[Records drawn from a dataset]
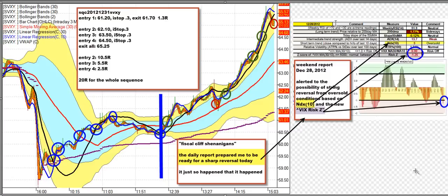Good evening, this is Ken Long from Tortoise Capital with a review of the daily trading plan for December 31, 2012 and a case study in our new indicator, the RISC-Z indicator.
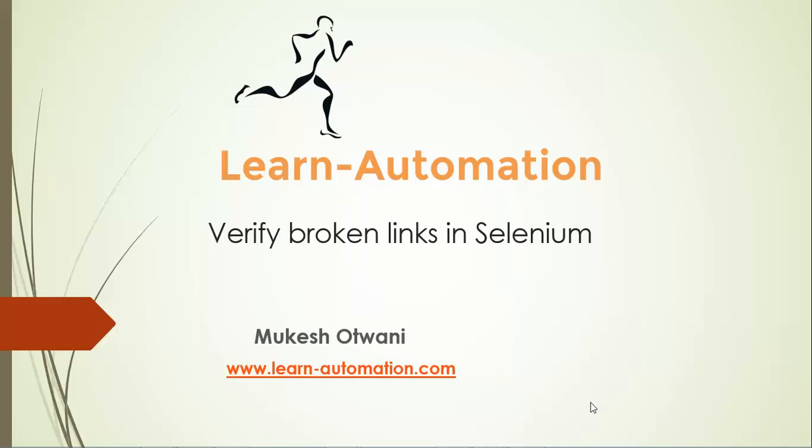Hey hi everyone, this is Mukesh from LearnAutomation.com. Today in this video tutorial we will focus on how to verify the broken links in Selenium WebDriver.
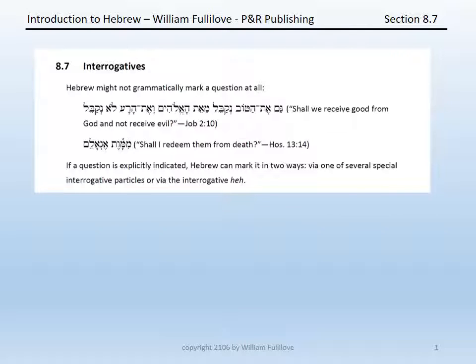Now, this is actually not as strange or frustrating as it may seem. In many languages, we are able to indicate a question merely by changing our tone of voice. I could say in English, 'he went yesterday,' and it sounds declarative. Or I could say, 'he went yesterday?' — and merely the tone of my voice, nothing about the words themselves in their form, has indicated a question.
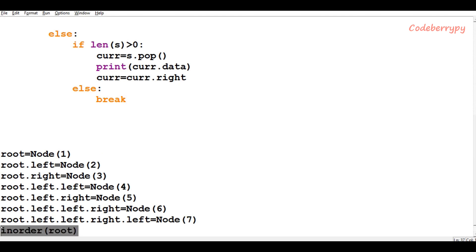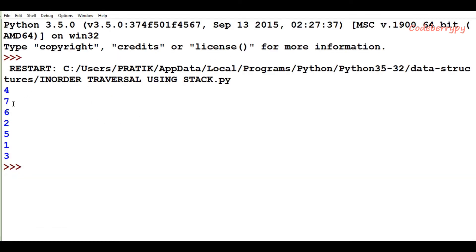Now I call the inorder function with root and run the program. We see the output: 4, 7, 6, 2, 5, 1, 3 — which is the required in-order traversal output. So this is how in-order traversal using a stack is done. I hope you understood this video tutorial — please like and share this video and subscribe to the channel.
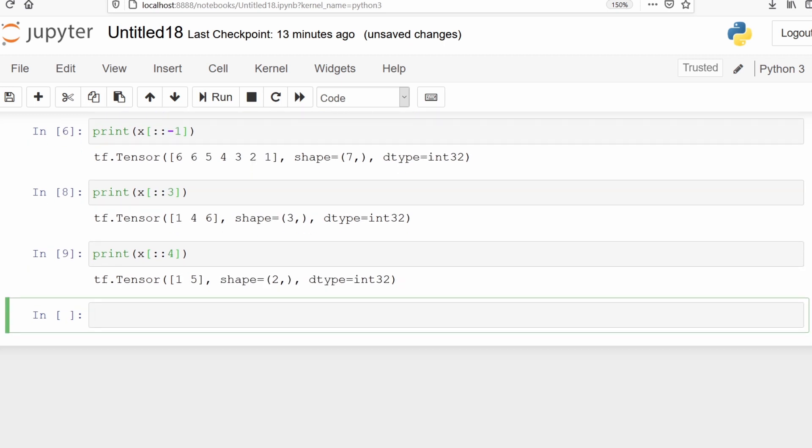We will look at reshaping of tensors. We will make one tensor and then reshape it. We will use the function range to generate a tensor.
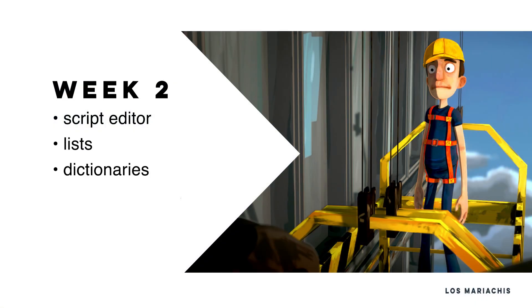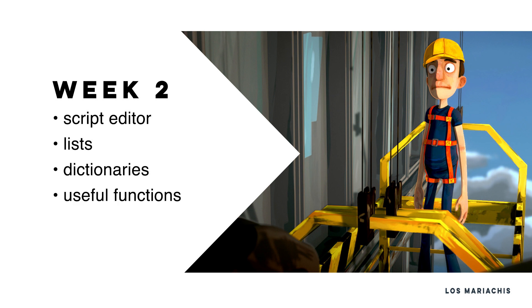This week we will be looking at our script editor to have a basic understanding of the tools we are using. Then we dive back into coding and explore lists and dictionaries, which are an essential part of Python. We also learn the difference between the two and how to use them appropriately. Afterwards, we discover some useful functions and expressions we need to manipulate the newly learned data types.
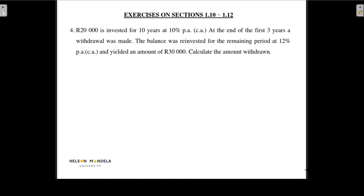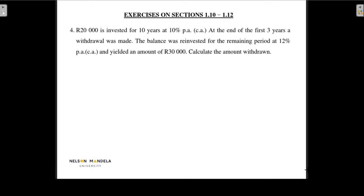20,000 rands is invested for 10 years at an interest rate of 10% per annum compounded annually. At the end of the first three years, a withdrawal was made. The balance was reinvested for the remaining period at 12% per annum compounded annually and then yielded an amount of 30,000 rands. Calculate the amount withdrawn at time t3.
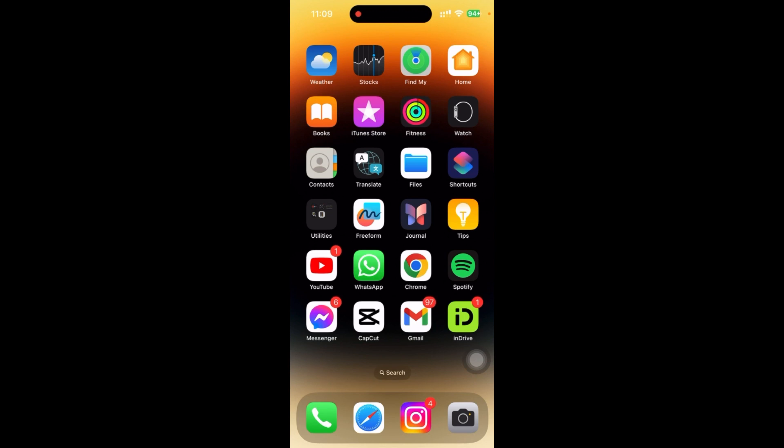If you haven't downloaded it, just go to the App Store and search for Twitch and install it. But if you're using an Android device, go to the Play Store and search for Twitch and download it from there.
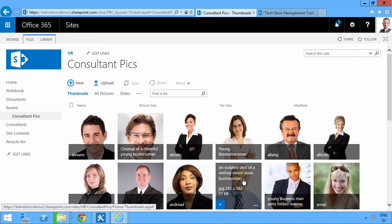All right, so that concludes my demonstration on what gets imported from the file system in terms of tags and titles. Thank you for watching this demonstration.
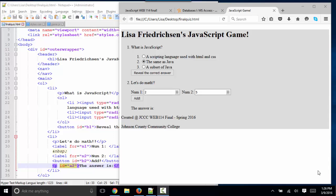Hello, world. This is Lisa Friedrickson, your professor from Johnson County Community College. In this short screencast, I'm going to give you another example for your JavaScript game, for your JavaScript final.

**Action item:** An exact reprint of every record is required, with the pictures omitted.

**Expected output:**
Good evening, this is Ken Long from Tortoise Capital with a review of the daily trading plan for December 31, 2012 and a case study in our new indicator, the RISC-Z indicator.
Hey hi everyone, this is Mukesh from LearnAutomation.com. Today in this video tutorial we will focus on how to verify the broken links in Selenium WebDriver.
Now, this is actually not as strange or frustrating as it may seem. In many languages, we are able to indicate a question merely by changing our tone of voice. I could say in English, 'he went yesterday,' and it sounds declarative. Or I could say, 'he went yesterday?' — and merely the tone of my voice, nothing about the words themselves in their form, has indicated a question.
Now I call the inorder function with root and run the program. We see the output: 4, 7, 6, 2, 5, 1, 3 — which is the required in-order traversal output. So this is how in-order traversal using a stack is done. I hope you understood this video tutorial — please like and share this video and subscribe to the channel.
We will look at reshaping of tensors. We will make one tensor and then reshape it. We will use the function range to generate a tensor.
This week we will be looking at our script editor to have a basic understanding of the tools we are using. Then we dive back into coding and explore lists and dictionaries, which are an essential part of Python. We also learn the difference between the two and how to use them appropriately. Afterwards, we discover some useful functions and expressions we need to manipulate the newly learned data types.
20,000 rands is invested for 10 years at an interest rate of 10% per annum compounded annually. At the end of the first three years, a withdrawal was made. The balance was reinvested for the remaining period at 12% per annum compounded annually and then yielded an amount of 30,000 rands. Calculate the amount withdrawn at time t3.
If you haven't downloaded it, just go to the App Store and search for Twitch and install it. But if you're using an Android device, go to the Play Store and search for Twitch and download it from there.
All right, so that concludes my demonstration on what gets imported from the file system in terms of tags and titles. Thank you for watching this demonstration.
Hello, world. This is Lisa Friedrickson, your professor from Johnson County Community College. In this short screencast, I'm going to give you another example for your JavaScript game, for your JavaScript final.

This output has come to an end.